Voting in the historic independence referendum has begun. Crucially, some 8% of voters remain undecided
Scotland must decide Thursday whether to become independent from the U.K., with last-minute opinion polls putting the outcome of the referendum on a knife-edge.
Voting booths are now open and ballots will be cast at 2,608 polling stations until 10 p.m. local time. Results are expected to trickle in overnight with a final announcement at around 7 a.m. on Friday morning.
If Scotland votes yes, it will be the 61st territory to gain its independence from the U.K., which once boasted an empire upon which the sun never set.
“When people go into the polling booths tomorrow they are going to vote for … that vision of more prosperous but also a more just society,” Scottish First Minister Alex Salmond, leading the Yes campaign, told supporters on Wednesday. “That’s what’s going to motivate people in the polling stations tomorrow.”
Of Scotland’s population of 5.3 million, a whopping 97% of those eligible to vote have registered, a sign of just how galvanized opinions over the 307-year-old union have become.
The voting age has been lowered to 16 for the first time in modern British history. Residence in Scotland, rather than Scottish nationality or birth, is the voting criteria, and other British, E.U. or commonwealth nationals residing north of the border can participate.
“This morning in Edinburgh it’s really quite tense,” Jan Eichhorn, a social policy expert at the University of Edinburgh, tells TIME. “There’s a feeling of entering an exam and needing to do the right thing.”
The latest YouGov opinion poll showed 52% of Scottish residents were against independence. Crucially, though, more than half-a-million voters are undecided.
Swing voters may be mulling the raft of extra powers Scotland has been offered if it rejects outright independence.
The No campaign, reeling from falling behind in opinion polls for the first time earlier this month, has dangled to Scots the carrot of increased control over health, education, employment, the economy, transport and infrastructure — but crucially not over foreign policy, defense or pensions.

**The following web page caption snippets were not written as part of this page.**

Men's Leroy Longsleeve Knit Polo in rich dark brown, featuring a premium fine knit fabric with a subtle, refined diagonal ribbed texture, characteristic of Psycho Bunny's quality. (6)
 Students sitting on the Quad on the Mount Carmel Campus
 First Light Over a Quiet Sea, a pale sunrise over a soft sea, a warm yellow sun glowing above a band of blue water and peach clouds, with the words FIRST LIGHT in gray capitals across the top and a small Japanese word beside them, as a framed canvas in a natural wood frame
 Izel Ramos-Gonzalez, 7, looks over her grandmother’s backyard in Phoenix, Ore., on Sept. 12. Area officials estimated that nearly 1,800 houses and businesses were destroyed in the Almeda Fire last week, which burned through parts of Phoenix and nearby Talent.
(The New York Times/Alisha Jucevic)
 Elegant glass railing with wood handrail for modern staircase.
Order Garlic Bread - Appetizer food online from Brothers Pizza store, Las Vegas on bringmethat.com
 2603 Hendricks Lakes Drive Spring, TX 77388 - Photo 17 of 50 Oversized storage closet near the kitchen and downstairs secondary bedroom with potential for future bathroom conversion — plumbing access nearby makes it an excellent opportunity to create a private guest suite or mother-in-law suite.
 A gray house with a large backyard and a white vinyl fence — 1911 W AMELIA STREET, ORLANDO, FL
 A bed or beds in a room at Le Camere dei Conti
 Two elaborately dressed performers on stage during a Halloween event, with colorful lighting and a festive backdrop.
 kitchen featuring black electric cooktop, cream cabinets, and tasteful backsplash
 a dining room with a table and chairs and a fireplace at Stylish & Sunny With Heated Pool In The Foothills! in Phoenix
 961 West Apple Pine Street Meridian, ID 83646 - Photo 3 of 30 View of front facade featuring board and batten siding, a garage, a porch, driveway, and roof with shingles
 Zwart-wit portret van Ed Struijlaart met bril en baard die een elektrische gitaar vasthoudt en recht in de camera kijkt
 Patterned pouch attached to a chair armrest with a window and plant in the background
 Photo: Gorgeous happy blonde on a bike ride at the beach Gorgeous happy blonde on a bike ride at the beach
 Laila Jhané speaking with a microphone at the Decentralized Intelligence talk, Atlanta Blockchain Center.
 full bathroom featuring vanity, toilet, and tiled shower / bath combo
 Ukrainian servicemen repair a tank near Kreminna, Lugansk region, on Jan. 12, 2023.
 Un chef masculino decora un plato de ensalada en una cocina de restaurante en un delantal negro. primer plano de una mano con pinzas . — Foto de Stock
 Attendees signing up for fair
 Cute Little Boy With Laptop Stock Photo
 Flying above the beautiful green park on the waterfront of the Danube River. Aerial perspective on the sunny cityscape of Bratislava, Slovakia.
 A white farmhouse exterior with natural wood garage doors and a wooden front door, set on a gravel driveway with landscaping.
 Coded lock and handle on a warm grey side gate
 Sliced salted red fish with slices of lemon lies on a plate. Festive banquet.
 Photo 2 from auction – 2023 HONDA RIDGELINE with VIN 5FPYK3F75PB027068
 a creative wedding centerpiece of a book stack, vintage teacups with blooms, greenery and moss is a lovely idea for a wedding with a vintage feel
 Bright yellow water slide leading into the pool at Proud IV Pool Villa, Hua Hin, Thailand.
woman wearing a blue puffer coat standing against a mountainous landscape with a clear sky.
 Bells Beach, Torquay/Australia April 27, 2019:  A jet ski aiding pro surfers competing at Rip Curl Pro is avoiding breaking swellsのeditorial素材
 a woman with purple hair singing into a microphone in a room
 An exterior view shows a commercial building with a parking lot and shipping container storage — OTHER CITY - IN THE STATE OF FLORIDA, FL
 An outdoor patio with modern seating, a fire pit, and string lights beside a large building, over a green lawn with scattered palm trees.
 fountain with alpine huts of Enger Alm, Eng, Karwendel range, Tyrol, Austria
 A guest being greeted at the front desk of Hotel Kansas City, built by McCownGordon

“It’s a major transfer of power,” former British Prime Minister Gordon Brown told CNN on Wednesday. “Never in the history of the island have we seen so much decentralization of powers from Westminster to one nation in the United Kingdom.”
Brown, who was born in the Scottish lowlands town of Giffnock, said that as a result “there has been a distinct movement” back to the No campaign, which he is spearheading. Independence “doesn’t make sense,” he added.
Scotland boasts just 8% of the U.K. population but 30% of its landmass. Scottish residents already receive more money per capita in terms of welfare spending than other Brits, but many in the Yes camp believe Scots would fare even better with independence, largely due to North Sea oil.
However, according to a recent report by Edinburgh-based oil and gas consultancy firm Wood Mackenzie, “post 2018, decline is forecast to set in once more with production dipping below 1 million barrels of oil equivalent per day by 2023, less than a quarter of the 1999 peak.”
Meanwhile, disagreement has emerged over whether an independent Scotland could keep using the British pound sterling currency. All the three major Westminster-based political parties claim that they would veto any such continuation, but the Yes campaign insists the issue remains outside of Westminister control, pointing to Panamanian use of the U.S. dollar.
Some suggest that an independent Scotland may have to wait five years before E.U. membership would be considered. This has raised the concerns of the nation’s whisky distillers, which currently account for a quarter of the U.K.’s total food and drink exports and some 35,000 jobs. “Even a temporary interruption of E.U. membership … would be damaging and difficult to manage,” David Frost, the chief executive of the Scotch Whisky Association, wrote in his annual review.
Defense is also a quandary. Scotland currently hosts the British fleet of Trident nuclear submarines, which Salmond says would have to relocate in the event of independence. In addition, thousands of Scottish soldiers current serve in the British armed forces.